Bloggerın yeni düzenine alışmayı bir süre reddederdim kesin :) Değişimci olmak lazım, ilk yazıyla adım atayım dedim. Kişisel bir yazı olacak, antin kuntin bi şey yok bu ara.

İngilizce konuşamıyorum, İngilizcem geriledi diye takmıştım bayadır. Kasım'da kursa başladım, bi görseniz bülbül gibi şakıyorum şimdi. Yok lan Fatih Terim'den halliceyim işte :) Neyse abartmayım da konuşma işi zor hacı. Cumartesi İngiliz, Pazar Amerikalı hoca geliyor. Geceyle gündüz kadar farklı karakterler, çok komik ikisi de. İngiliz tam bir çatlak, çok komik eğlenceli bir adam. Sürekli gülüyoruz derste, son ders mutlaka oyun oynuyoruz. Amerikalı olan da tam bir kıl. Ders aralarında sınıfta kitap okuyor, dersi 1saniye bile kaynatmıyor. Sıkıntıdan bayılıyoruz hepimiz ama kültürlü bir adam, konuşması da İngiliz hocadan daha iyi.  Pazar  ara sınav var, kelimelere baktım biraz. Gramer bilmiyorum ben zaten, öğrenmedim de 5 aydır. Sınavlardan yüksek puan alıyorum diye sınıftakiler biliyorum sanıyor, valla billa bilmiyorum ya içimden geçeni yapıyorum sezgisel yaklaşım tamamen. Passive, tenseler falan hiçbir fikrim yok. Cumartesi gecesi de arkadaşımın doğum günü dışardayım.

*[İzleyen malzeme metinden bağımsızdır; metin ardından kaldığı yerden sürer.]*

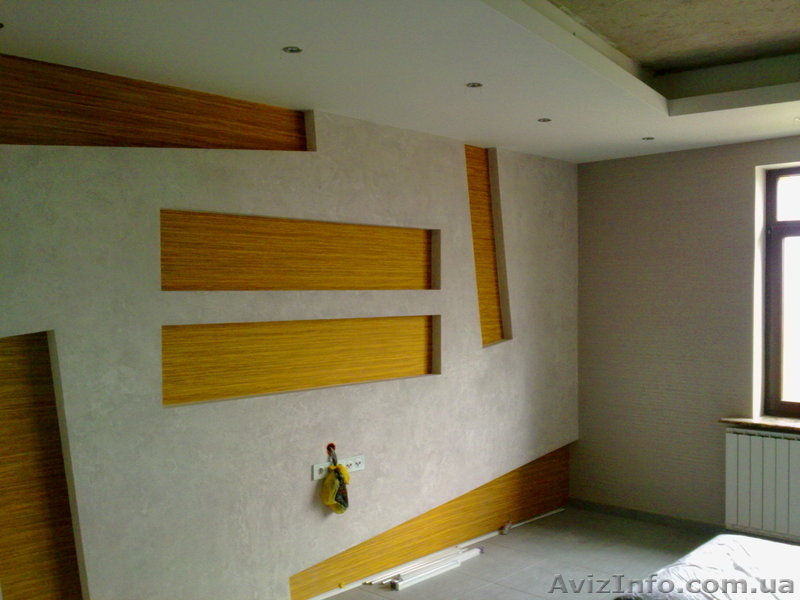 Маляра - отделочники  гипсокартонщики - <ro>Изображение</ro><ru>Изображение</ru> #4, <ru>Объявление</ru> #1226123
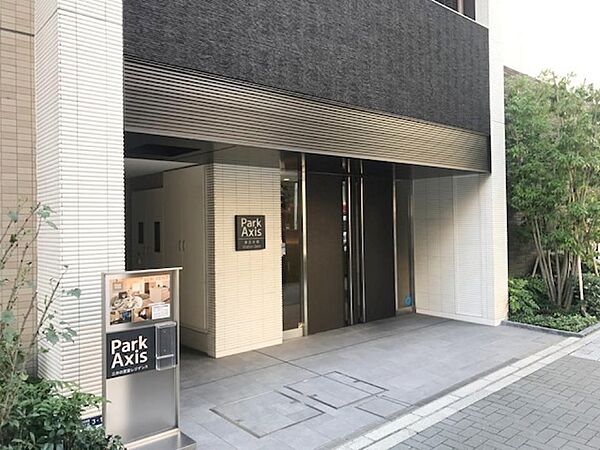 東京都中央区東日本橋３丁目(賃貸マンション1LDK・4階・42.20㎡)の写真 その21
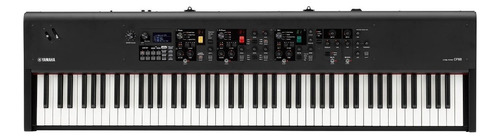 Piano de escenario Yamaha Cp88 con 88 teclas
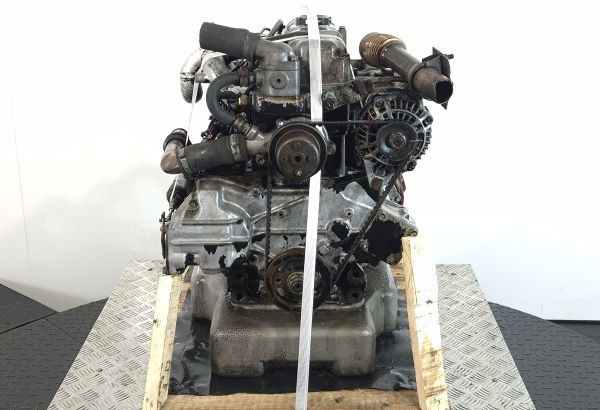 Mitsubishi K4N Engine (Industrial) - Dzinējs - Industriālā iekārta: foto 5 Mitsubishi K4N Engine (Industrial) - Dzinējs - Industriālā iekārta: foto 5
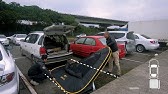Carsule A Pop Up Cabin For Your Car Youtube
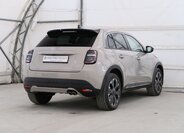 Fiat 600 Hatchback 1,2 l 100 kw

Bahar geldi diye çok seviniyorum, hava geç kararıyor, ağaçlar çiçek açtı. Doğa mutlu ol diye mesaj veriyor resmen.

Bloglarında güzel güzel fotoğraflar yayınlayanları kıskanıyorum :) Bokum gibi yazı oldu bu ama olsun ilk adım. Daha sık yazıcam artık.